Records:
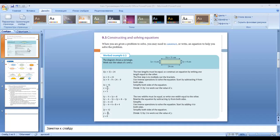Hi guys, welcome to the lesson. Today we are going to learn chapter 9.3: constructing and solving equations.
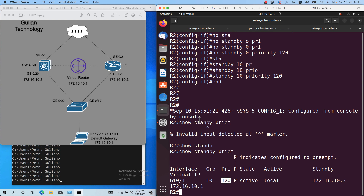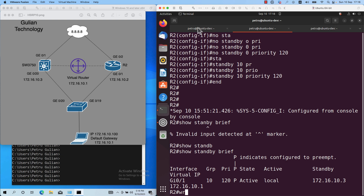Let's save the configuration. You can save the configuration with the 'wr' command, or with 'copy running-config startup-config'.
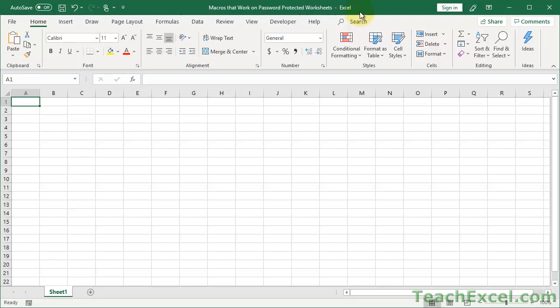Here I'll show you how to run macros on worksheets that are password protected in Microsoft Excel. I'll also show you how to add some code related to that, including checking if the worksheet is password protected so you don't run any unnecessary code.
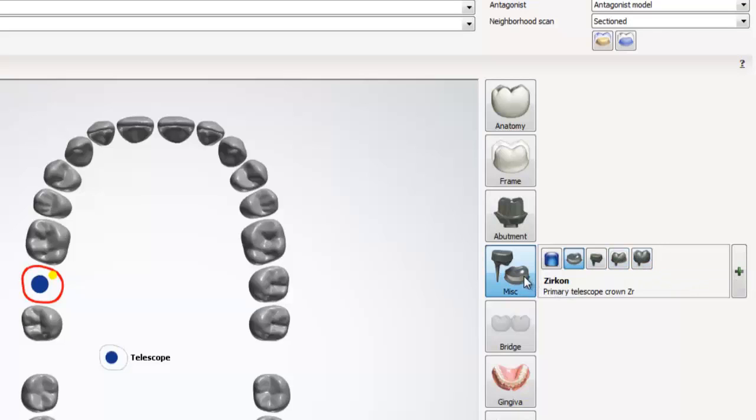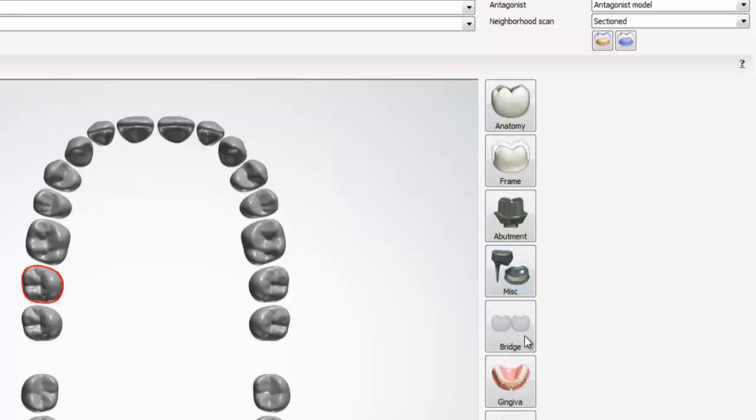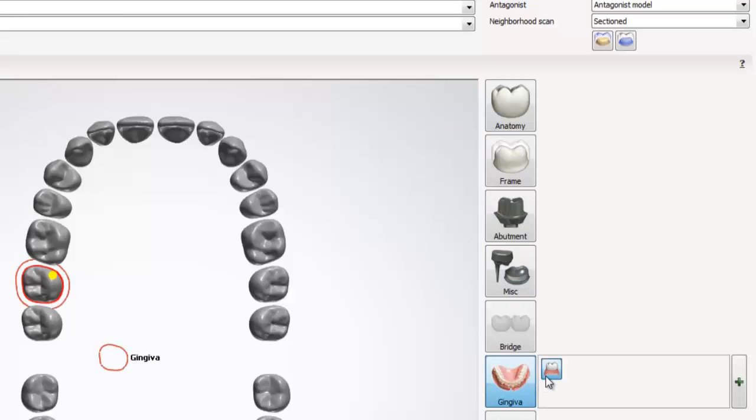Directly under miscellaneous is the bridge option, which we will use to bridge teeth together. I will cover this in a later tutorial. Below bridge is gingiva, which allows you to add gingiva to your design.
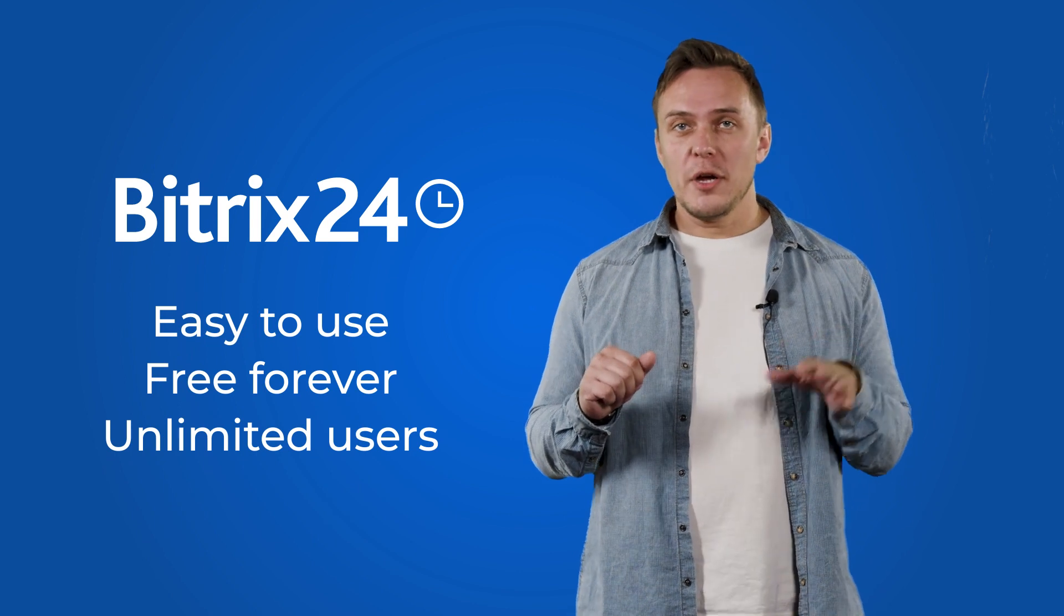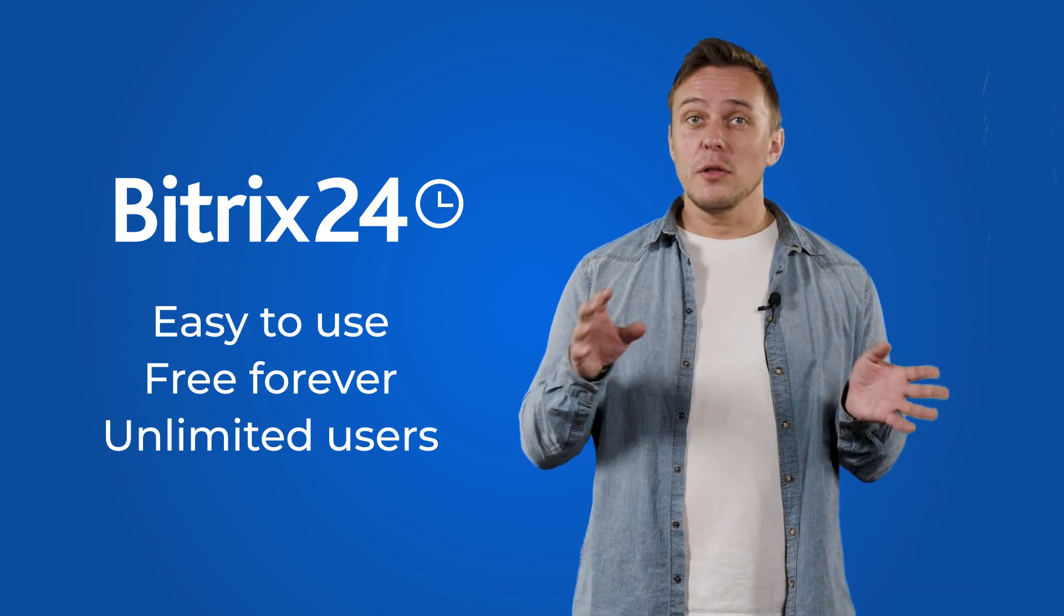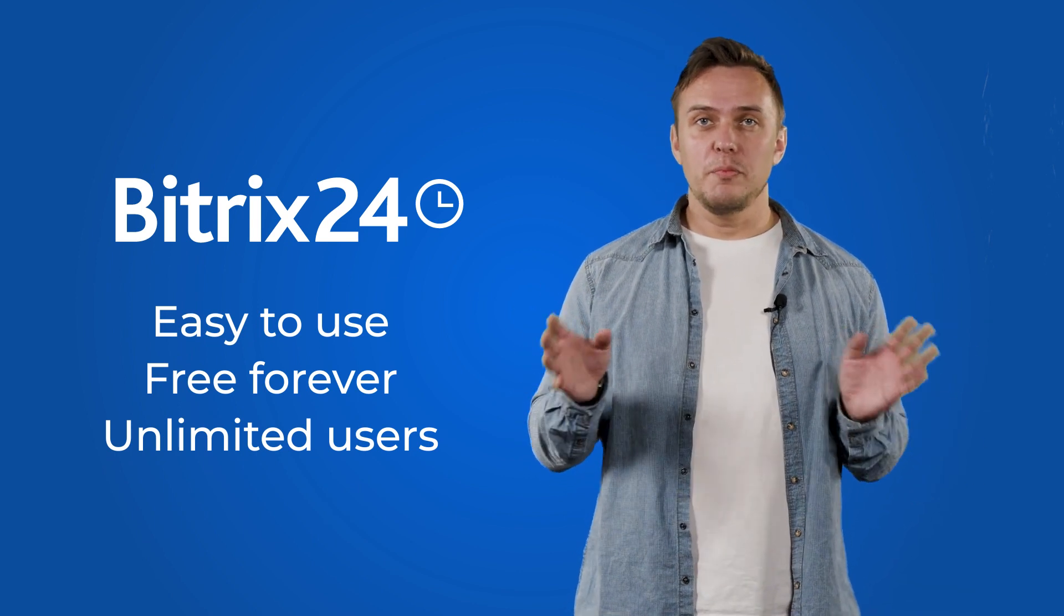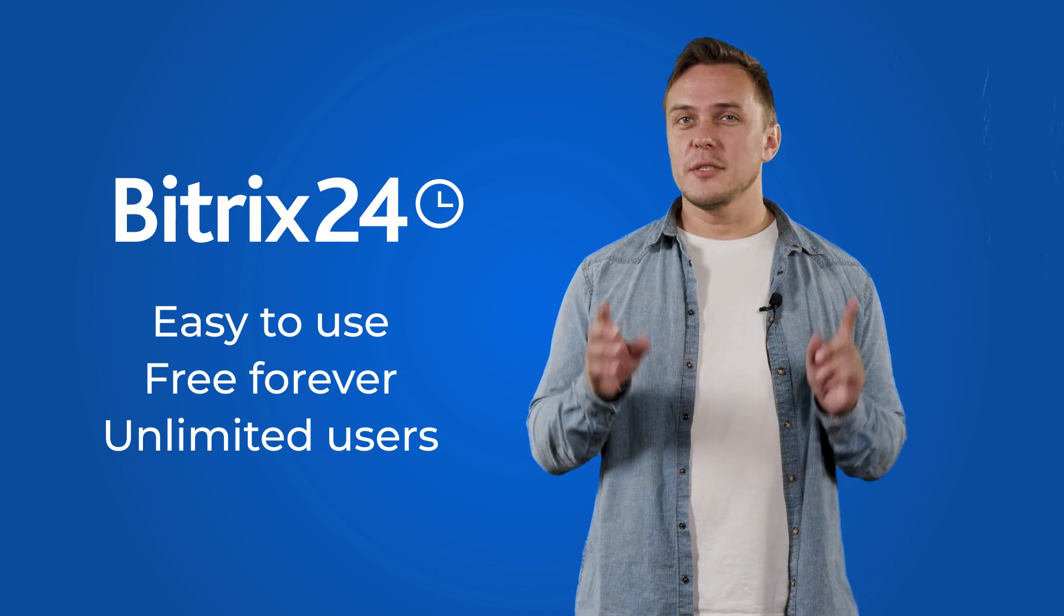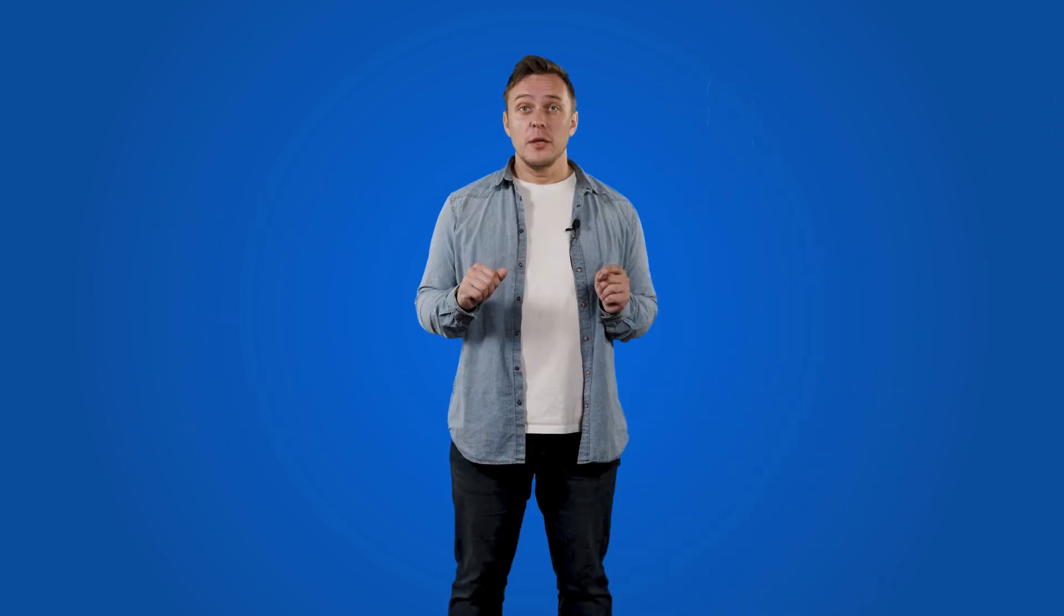From shared documents and video conferencing to tasks and online time tracking, Bitrix24 is a great tool for any team. You can get your free account right here or use the link in the description below.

Problem details:
Transcribe the entries from their first line to the line that holds "Let's save the", both included, and skip every picture.

Answer space:
Hi guys, welcome to the lesson. Today we are going to learn chapter 9.3: constructing and solving equations.
Let's save the configuration. You can save the configuration with the 'wr' command, or with 'copy running-config startup-config'.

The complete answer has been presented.